═════ Given records ═════

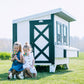 Large Chicken Coop - Up to 15 Chickens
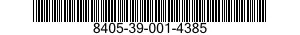 8405-39-001-4385 SHIRT,MAN'S 8405390014385 390014385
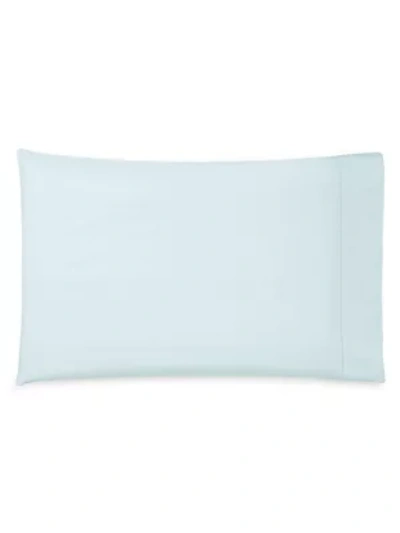 Sferra Celeste Pillow Case In Aquamarine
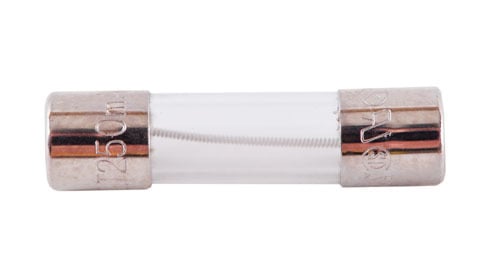 250mA Fuse (Sound Boards)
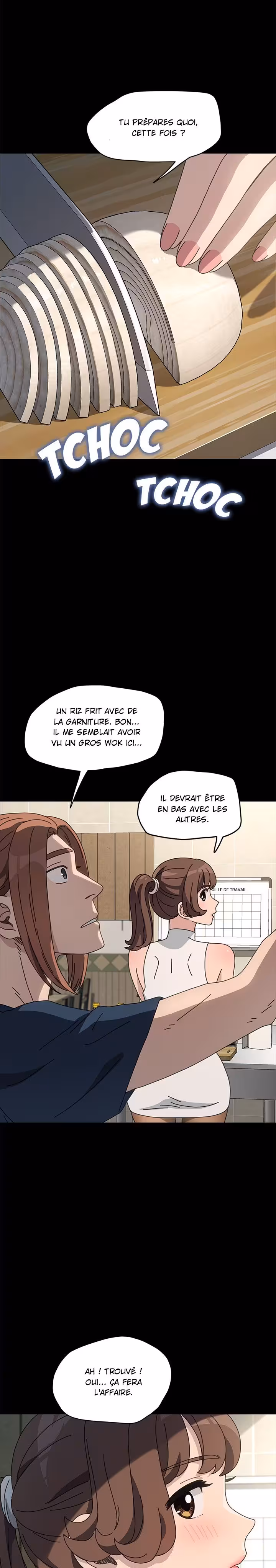 Man of The House Chapitre 31 page 23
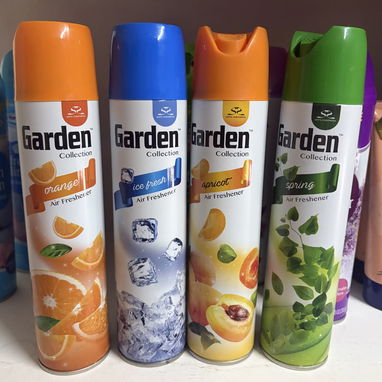 Spray Ambientador para lugares climatizados, para carros a 2500 mn varios olores disponibles - 2/3
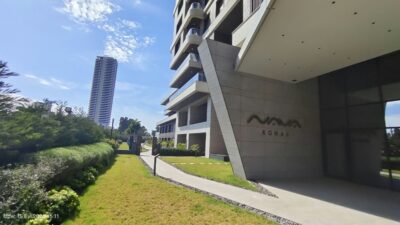 Nava Konak, İzmir Konak Çınarlı Mahallesi’nde modern mimariyle hayata geçiriliyor.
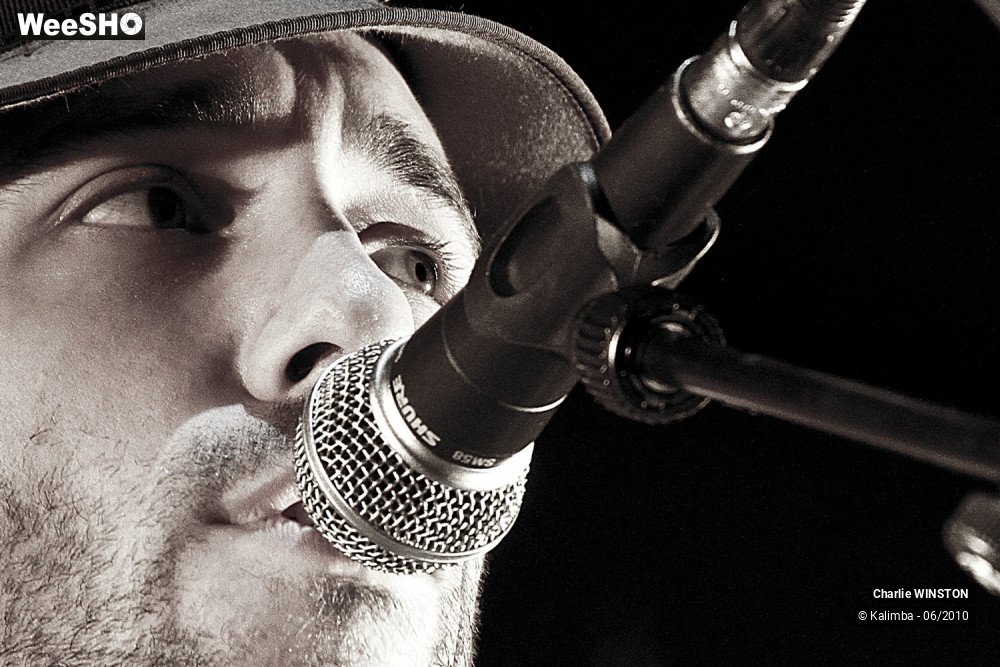 35/39 photos du spectacle Charlie WINSTON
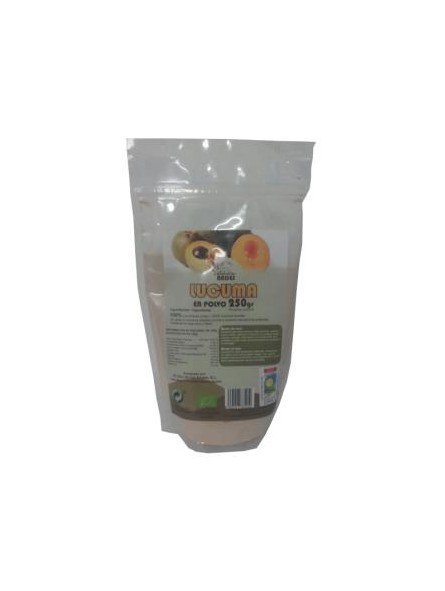 Harina de Lucuma El Oro de los Andes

═════

### Work order
Every line of the material is to be quoted exactly, with no pictures carried over.

### Exercise solution
 Large Chicken Coop - Up to 15 Chickens
 8405-39-001-4385 SHIRT,MAN'S 8405390014385 390014385
 Sferra Celeste Pillow Case In Aquamarine
 250mA Fuse (Sound Boards)
 Man of The House Chapitre 31 page 23
 Spray Ambientador para lugares climatizados, para carros a 2500 mn varios olores disponibles - 2/3
 Nava Konak, İzmir Konak Çınarlı Mahallesi’nde modern mimariyle hayata geçiriliyor.
 35/39 photos du spectacle Charlie WINSTON
 Harina de Lucuma El Oro de los Andes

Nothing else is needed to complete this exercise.